_TASK REQUIREMENTS_.
The required output is all lines below that contain the word "Date".

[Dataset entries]

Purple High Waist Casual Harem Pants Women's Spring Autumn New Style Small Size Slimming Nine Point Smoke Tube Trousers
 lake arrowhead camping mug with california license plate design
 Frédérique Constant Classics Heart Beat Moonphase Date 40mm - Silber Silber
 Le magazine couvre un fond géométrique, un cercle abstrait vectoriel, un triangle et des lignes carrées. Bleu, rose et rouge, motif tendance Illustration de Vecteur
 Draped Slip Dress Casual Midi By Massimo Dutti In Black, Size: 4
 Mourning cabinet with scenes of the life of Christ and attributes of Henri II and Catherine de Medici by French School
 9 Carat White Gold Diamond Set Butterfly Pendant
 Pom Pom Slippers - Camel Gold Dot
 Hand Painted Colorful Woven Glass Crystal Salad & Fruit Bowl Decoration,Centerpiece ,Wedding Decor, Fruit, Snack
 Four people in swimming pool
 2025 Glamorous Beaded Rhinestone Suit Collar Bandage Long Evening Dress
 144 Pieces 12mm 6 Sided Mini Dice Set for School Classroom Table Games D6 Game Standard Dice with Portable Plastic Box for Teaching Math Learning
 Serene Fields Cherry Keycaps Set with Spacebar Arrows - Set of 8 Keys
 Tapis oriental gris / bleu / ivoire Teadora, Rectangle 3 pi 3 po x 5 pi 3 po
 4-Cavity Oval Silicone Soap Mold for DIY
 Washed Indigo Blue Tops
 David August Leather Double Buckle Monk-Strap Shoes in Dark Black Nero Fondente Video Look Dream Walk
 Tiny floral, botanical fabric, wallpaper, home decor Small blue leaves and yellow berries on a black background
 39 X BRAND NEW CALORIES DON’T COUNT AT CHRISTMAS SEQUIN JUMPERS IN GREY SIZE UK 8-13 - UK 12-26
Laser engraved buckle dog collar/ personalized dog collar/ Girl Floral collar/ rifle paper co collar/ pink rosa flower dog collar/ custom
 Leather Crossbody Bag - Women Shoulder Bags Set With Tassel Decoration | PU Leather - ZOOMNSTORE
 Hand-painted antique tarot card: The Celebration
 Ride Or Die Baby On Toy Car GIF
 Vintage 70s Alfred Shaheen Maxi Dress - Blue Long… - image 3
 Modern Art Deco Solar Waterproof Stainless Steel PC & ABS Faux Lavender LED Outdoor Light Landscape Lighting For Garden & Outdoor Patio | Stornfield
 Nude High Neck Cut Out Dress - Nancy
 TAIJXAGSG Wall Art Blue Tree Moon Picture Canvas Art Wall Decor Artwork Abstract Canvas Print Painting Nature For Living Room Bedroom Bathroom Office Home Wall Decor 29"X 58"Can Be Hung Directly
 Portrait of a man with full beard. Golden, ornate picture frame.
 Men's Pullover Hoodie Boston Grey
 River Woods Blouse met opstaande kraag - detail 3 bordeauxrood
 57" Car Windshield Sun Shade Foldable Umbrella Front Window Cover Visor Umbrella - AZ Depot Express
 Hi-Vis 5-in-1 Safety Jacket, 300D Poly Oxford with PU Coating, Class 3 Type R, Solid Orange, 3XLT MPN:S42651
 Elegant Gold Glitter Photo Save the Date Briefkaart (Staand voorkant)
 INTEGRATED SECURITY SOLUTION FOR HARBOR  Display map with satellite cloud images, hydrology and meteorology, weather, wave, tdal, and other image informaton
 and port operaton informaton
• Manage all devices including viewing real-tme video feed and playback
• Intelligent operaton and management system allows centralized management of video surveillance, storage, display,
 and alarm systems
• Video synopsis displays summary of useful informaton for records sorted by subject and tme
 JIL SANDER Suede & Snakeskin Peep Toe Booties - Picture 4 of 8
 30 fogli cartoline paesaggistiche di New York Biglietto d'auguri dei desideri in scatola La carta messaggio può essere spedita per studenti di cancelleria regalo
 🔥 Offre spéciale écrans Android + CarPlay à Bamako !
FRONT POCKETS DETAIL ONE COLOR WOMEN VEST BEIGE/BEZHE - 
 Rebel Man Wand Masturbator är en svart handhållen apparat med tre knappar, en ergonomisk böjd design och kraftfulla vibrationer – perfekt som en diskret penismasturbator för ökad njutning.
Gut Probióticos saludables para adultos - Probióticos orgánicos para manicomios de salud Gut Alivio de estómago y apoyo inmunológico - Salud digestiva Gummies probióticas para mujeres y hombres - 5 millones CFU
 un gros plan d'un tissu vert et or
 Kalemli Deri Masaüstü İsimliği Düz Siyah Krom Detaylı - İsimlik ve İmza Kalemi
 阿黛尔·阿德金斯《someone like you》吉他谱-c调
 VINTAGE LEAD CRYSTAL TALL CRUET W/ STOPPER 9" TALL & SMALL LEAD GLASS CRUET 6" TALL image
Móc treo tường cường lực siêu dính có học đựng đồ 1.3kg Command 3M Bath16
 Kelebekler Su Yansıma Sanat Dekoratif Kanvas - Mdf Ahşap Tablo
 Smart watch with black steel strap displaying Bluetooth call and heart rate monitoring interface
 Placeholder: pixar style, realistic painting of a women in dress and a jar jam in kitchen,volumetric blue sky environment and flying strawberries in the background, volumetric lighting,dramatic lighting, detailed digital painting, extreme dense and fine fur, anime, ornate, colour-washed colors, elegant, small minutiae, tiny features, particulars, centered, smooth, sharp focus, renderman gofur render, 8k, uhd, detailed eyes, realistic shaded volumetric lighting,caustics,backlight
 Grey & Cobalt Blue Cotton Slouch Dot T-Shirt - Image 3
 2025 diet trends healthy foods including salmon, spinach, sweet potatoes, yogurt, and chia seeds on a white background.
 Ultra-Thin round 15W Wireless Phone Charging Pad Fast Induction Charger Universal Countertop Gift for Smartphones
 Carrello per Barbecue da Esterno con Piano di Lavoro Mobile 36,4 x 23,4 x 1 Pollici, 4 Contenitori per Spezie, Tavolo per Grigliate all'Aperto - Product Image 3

_RESPONSE TO THE EXERCISE_.
 Frédérique Constant Classics Heart Beat Moonphase Date 40mm - Silber Silber
 Elegant Gold Glitter Photo Save the Date Briefkaart (Staand voorkant)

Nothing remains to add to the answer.